BEGIN Record set
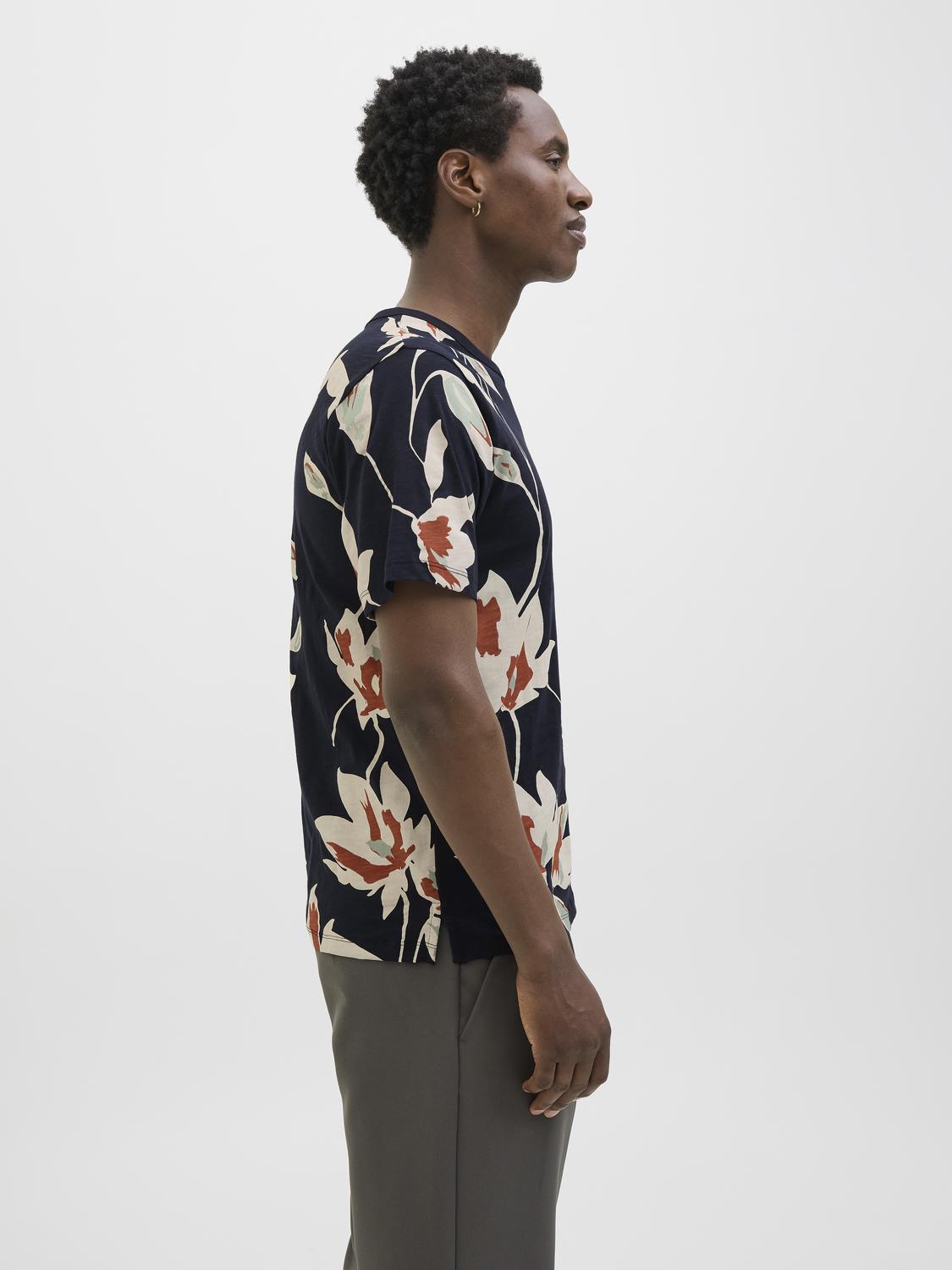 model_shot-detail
END Record set
BEGIN Record set
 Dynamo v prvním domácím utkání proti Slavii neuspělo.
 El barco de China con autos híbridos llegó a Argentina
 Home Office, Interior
END Record set
● **What is being asked**
Transcribe each line of the data above, unaltered, from the one where "Dynamo v prvním" appears to the one where "Home Office, Interior" appears, inclusive of both.

● **Output of the exercise**
 Dynamo v prvním domácím utkání proti Slavii neuspělo.
 El barco de China con autos híbridos llegó a Argentina
 Home Office, Interior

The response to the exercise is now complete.